- Given information
──────────────────────────────
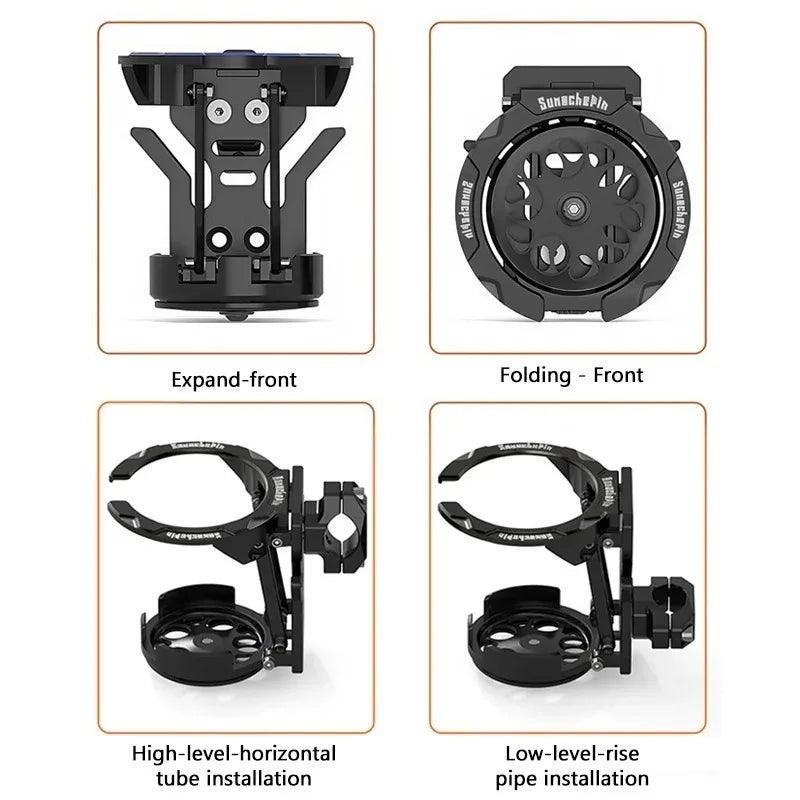 Foldable 360° Motorcycle & E-Bike Cup Holder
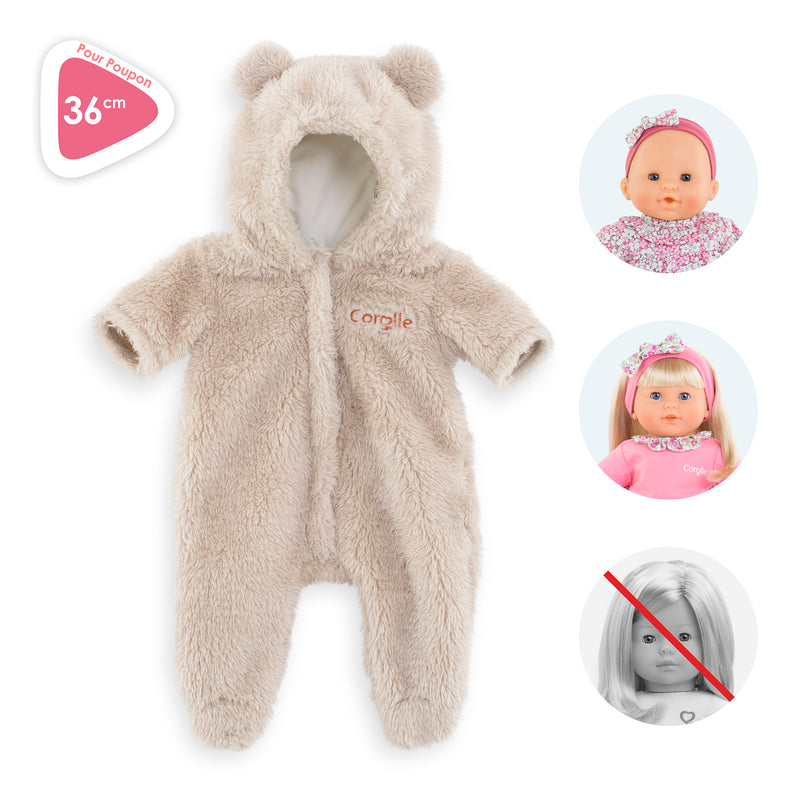 Combinaison Pilote Ourson Poupon 36 Cm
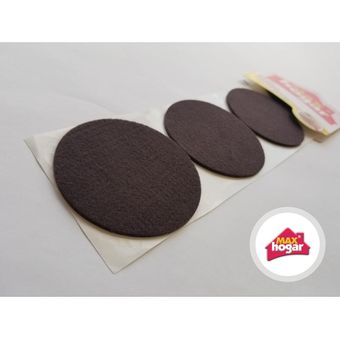 Fieltro Protector Autoadhesivo Para Muebles Max Hogar Café. - Home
──────────────────────────────
- What to produce
What the answer needs is every line from the one with "Combinaison Pilote Ourson Poupon 36 Cm" through the last line of the data, reproduced word for word and with pictures omitted.

- Response to the exercise
 Combinaison Pilote Ourson Poupon 36 Cm
 Fieltro Protector Autoadhesivo Para Muebles Max Hogar Café. - Home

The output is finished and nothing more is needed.